The mean of this data is 85.6. Taking the first data point of 83, subtracting 85.6 gives -2.6. Squaring this gives 6.76. I do this to each data point. After squaring each difference, I add these up and I get 35.2. Dividing this by the number of data points (5), I get 7.04. Then finally taking the square root, I get the standard deviation of 2.65. Doing the same thing to Evil David’s data gives standard deviation of 12.09. By the way, if you know how to use Excel, these calculations are very easy to do when you have lots of data.

Now this post is about one of the ways you can use the standard deviation to make a decision as to which tutor you should use.

Now there is a lot of development that I will be leaving out here and I will also be making several assumptions to simplify the presentation, but the final result is still valid.

I will be assuming that the data from each tutor is normally distributed, which means we can make certain statements about the standard deviations. This is not an extreme assumption as this is usually assumed in statistics.

For data that is normally distributed, an interval of the mean minus one standard deviation to the mean plus one standard deviation contains 68% of the data. So for Nice David’s data, the mean minus one standard deviation is 85.6 – 2.65 = 82.95. The mean plus one standard deviation is 85.6 + 2.65 = 88.25. Now your test score will be another data point in Nice David’s data. Though you do not know what your test score will be, based on Nice David’s historical data, you can be 68% confident that your test score will be between 82.95 and 88.25.

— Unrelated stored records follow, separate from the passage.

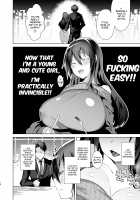 TS Fukushuu Revenge 1 ~I got a sex change, became a beautiful girl, and will get revenge and turn my life around!~ [Ebina Ebi] [Original] Thumbnail Page 15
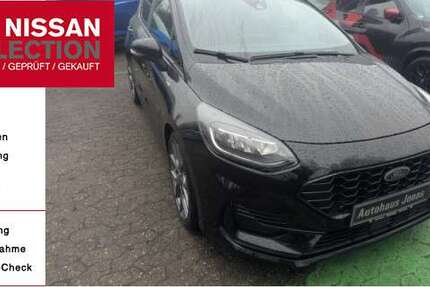 Ford Fiesta 31.490 km 16.990 &euro; Moisburg 21647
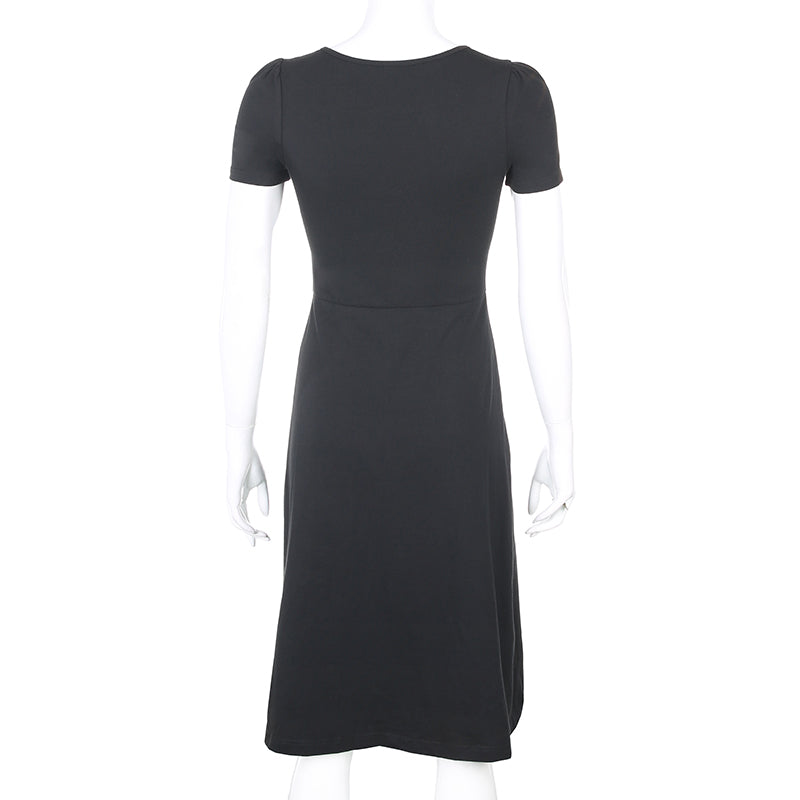 Hestia Dress - Montfash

The interval of all numbers between 82.95 and 88.25 is called a confidence interval. In this case, it is a 68% confidence interval. Let’s calculate Evil David’s 68% confidence interval.

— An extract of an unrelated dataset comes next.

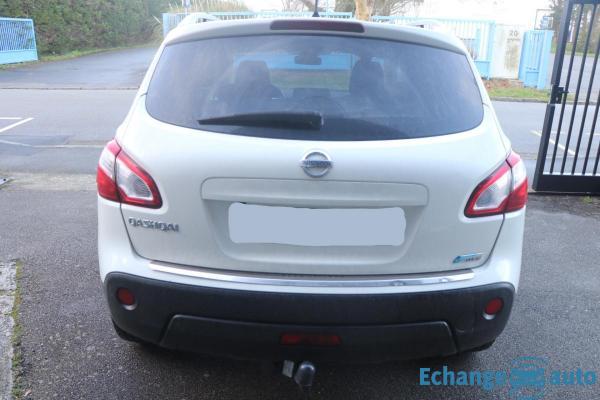 Nissan Qashqai 1.5 DCI 110 FAP Connect Edition - GARANTIE 6 MOIS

Evil David’s standard deviation is 12.09, so his interval is 85.6 – 12.09 = 73.51 to 85.6 + 12.09 = 97.69. So with Evil David, you can be 68% confident that your test score will be between 73.51 am 97.69.

Now most calculations in statistics center around the 95% confidence interval. For normally distributed data that we are assuming here, that is an interval that is two standard deviations about the mean. So for Nice David, the 95% interval is 85.6 – 2×2.65 = 80.3 to 85.6 +2×2.65 = 90.9. So for Nice David as your tutor, you can be 95% confident that your test score will be between 80.3 to 90.9.

What about Evil David? His 95% interval is 85.6 – 2×12.09 = 61.42 to 85.6 + 2*12.09 = 109.78. Now it’s not possible to get over 100 so you can be 95% confident that with Evil David as your tutor, your test score will be between 61.42 and 100.

Who do you choose? If 65 is a passing score on your test, you would be risking a failing grade with Evil David. Not so much with nice David. Though you do have a chance of getting a very high score with Evil David (if you like lotteries), your test score is 95% guaranteed to be a passing one with Nice David. Being the unbiased person that I am, I would go with the tutor with more consistent results!